The prosecution and defense have rested in the trial of Jeremy O. Brown, who is accused of sexually abusing his then girlfriend’s child at the age of 11 and 12 here in Jasper. Court adjourned Wednesday afternoon and will resume Thursday morning with closing arguments, followed by the jury considering guilt or innocence.
The alleged victim took the stand for the prosecution on Wednesday morning and after answering questions for several minutes she experienced an emotional breakdown on the stand, causing the court to go into a brief recess.
The child, now 14, was very bright and intelligent and gave extremely articulate testimony.
The child testified that Brown began by inappropriately touching her two nights in a row, and each time he apologized and said that it would never happen again.
The child went on to testify that the touching continued and eventually he tried, but failed, to have sexual intercourse on two occasions, specifying “It wouldn’t fit”. Again, she said that each time he apologized and again said that it would never happen again.
This particular testimony was later corroborated by an expert witness, however, it was refuted by the one and only defense witness called to the stand.
The prosecution asked the child how many times Brown had sexual activity with her, to which she replied it was too many times to remember.
It was during this portion of testimony when the child suddenly broke down and began to cry. A District Attorney’s Office victim coordinator, who had been sitting at the prosecution table, rushed to the child and was escorted from the courtroom, and then District Judge Craig Mixson sent the jury out of the room.
Defense attorney Jeremy Willis then objected to the victim coordinator being allowed to sit at the prosecution table and also the judge allowing her to rush to the child’s side and then escorting the child out of the courtroom, all in full view of the jury. Judge Mixson ruled that the victim coordinator should, instead, sit in the audience.
Under cross examination the child testified that her mother ended the relationship with Jeremy Brown immediately after the allegations of sexual abuse were made, and also that she now lives with her father in Corrigan, although she would have preferred to continue living with her mother here in Jasper.
Earlier in the day, testimony began with the prosecution calling a counselor, Rodney Harrington, and a teacher, Renda Buckley, from Jasper Junior High School. They testified that the child made an outcry about alleged sexual abuse at school. Also taking the stand was Elizabeth Turner of The Garth House in Beaumont, who testified about an interview with the alleged victim.
Following a lunch break, the prosecution called upon Brenda Garison, a registered nurse with many years of conducting physical examinations of females following (alleged) sexual assaults.
Garison testified that she examined the child and she said that she observed evidence of penetration. Specifically, an injury that had already healed.
Meanwhile, defense attorney Jeremy Willis fought hard to have the court dismiss the qualifications of Garison, as well as other prosecution expert witnesses. Judge Mixson overruled and allowed Garison to continue her testimony.
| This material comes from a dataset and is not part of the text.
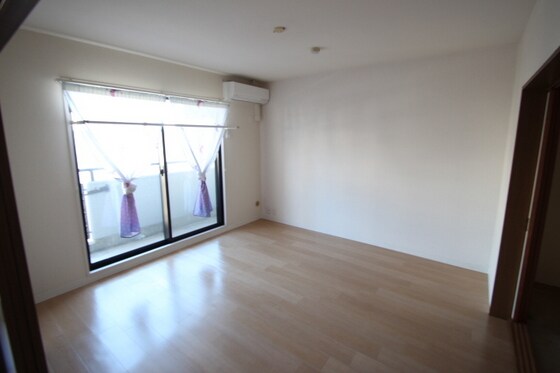 物件内観写真13　(別号室写真です)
Under cross examination, Willis asked her about the size of the tear or injury that she observed, and Garison said that she had not measured the size. She did, however, testify that the particular location of the injury was consistent with penile penetration, rather than digital penetration.
The state rested at 2:55 p.m., and the defense then called their only witness, Jeremy Brown’s cousin, Anthony Holmes.
Holmes is currently a Jasper County Jail inmate and he appeared in court in an orange jail jumpsuit with his wrists handcuffed in front of him and shackles on his ankles. Holmes is being held on a hold from the Texas Department of Criminal Justice for a parole violation and he will soon go back to prison.
Holmes testified for the defense that he had known the alleged victim for about three months when the outcry was made at Jasper Junior High School. Holmes testified that he picked up the girl from school that day and drove her home.
Holmes went on to testify that at some point later, he asked the girl “Did my cousin really do that to you?”, and he said the girl told him that it really didn not happen, and she admitted that she made it all up because her mother did not give her enough attention and she wanted more attention from her.
On cross examination, Assistant District Attorney Carol Dillon said “Mr. Holmes, am I to understand correctly that your testimony to this jury is that the girl told you that this did not happen and she made it up, and you told nobody about this?” He replied “Yes mam”.
Following cross examination the witness was excused and the defense rested.
Judge Mixson dismissed court for the day. The charge will be prepared and presented to the jury along with closing arguments on Thursday.